Reputation: 135
Hi how's it going? I'm having an issue with excluding ties using window partition in scala. I want to collect the top 2 for each group excluding ties. So if there are three values, [5,5,3] for a particular group I want it to return 5 and 3, not 5 and 5.
This is my code so far:
val dummy_df = Seq(("yankees",5,4),("yankees",3,7),("yankees",5,2),("yankees",3,4),("red sox",7,3),("red sox",2,5),("red sox",2,4)).toDF("team","runs","opponent_runs")
val team_runs_partition= Window.partitionBy("team").orderBy($"runs".desc)
dummy_df.withColumn("rn",row_number.over(team_runs_partition)).filter($"rn"<=2).show
In tabular view the original dataframe looks like this:
and my current output dataframe looks like this:
However as you can see, due to the tie, it's not returning the top 2 unique "runs" for the Yankees but rather two instances of 5. I tried using the rank function but that becomes even worse with ties because if I have 5 ties at the top, the second value falls all the way to 6.
How would I solve this?
Thanks so much and have a great day!
Upvotes: 0
Views: 488
Reputation: 870
If you want to see the duplications (in case you have additional columns you're interested in), use dense_rank() instead of row_number() and then drop duplications.

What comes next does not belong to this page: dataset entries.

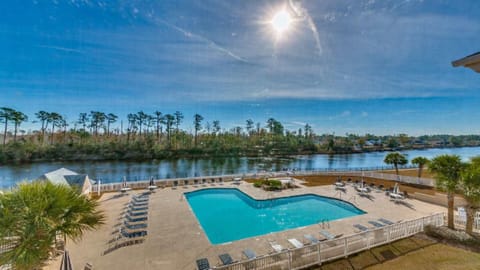 Large L Shaped Pool and Hot Tub next to the Intracoastal Waterway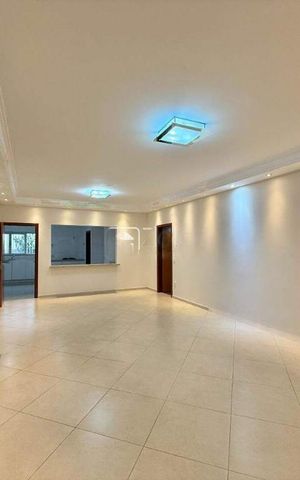 Casa à venda com 202m², 3 quartos e 3 vagas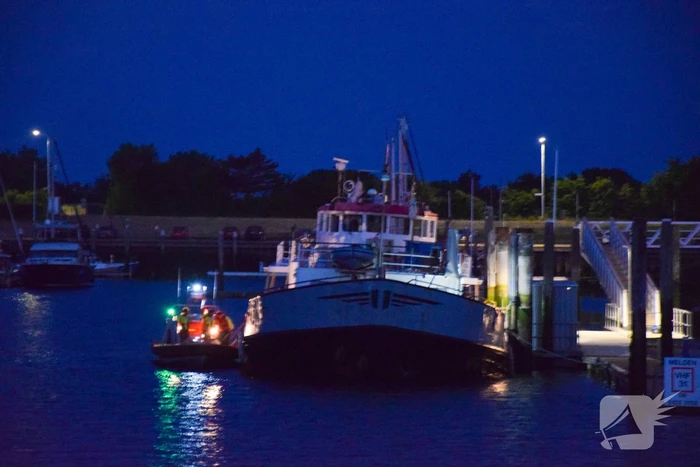Rondvaartboot maakt water in haven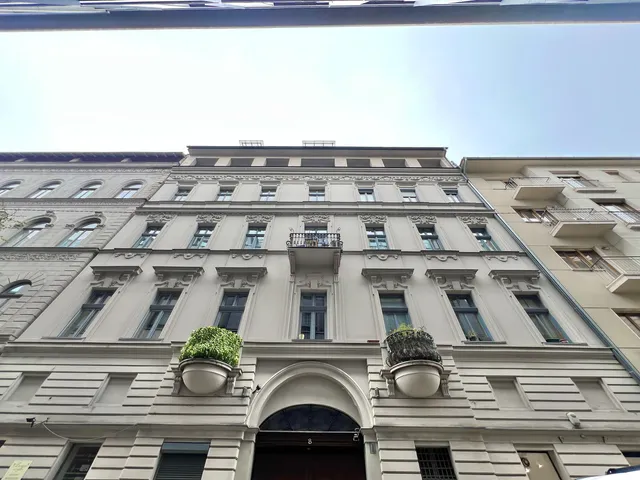 Kiadó lakás Budapest VI. kerület 83 nm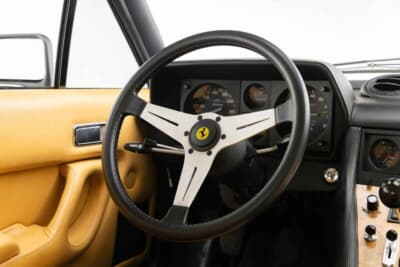 18万4800ドル（邦貨換算約2720万円）で落札されたフェラーリ「400i」（C）Courtesy of RM Sotheby's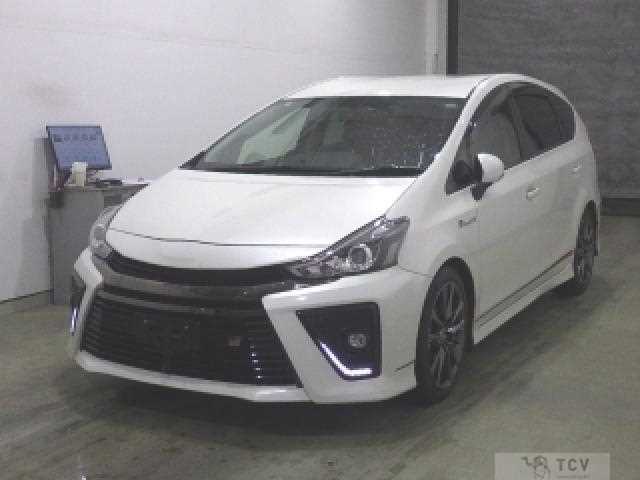2019 Toyota PRIUS α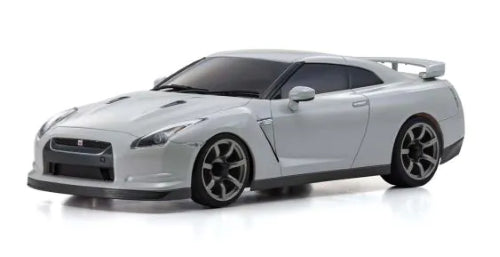 Kyosho MA020S Skyline R35 body shell in white, designed for RC car racing, featuring detailed aerodynamics and durability.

val window = Window.partitionBy("team").orderBy(col("runs").desc)
data
.withColumn("rn", dense_rank() over window)
.filter(col("rn") <= 2)
... // TODO whatever ...
.dropDuplicates("team", "runs")
If you don't care about duplications (in 'team' and 'runs') drop duplicates before you use your window:
data
.dropDuplicates("team", "runs")
.withColumn("rn", row_number() over window)
.filter(col("rn") <= 2)
Upvotes: 1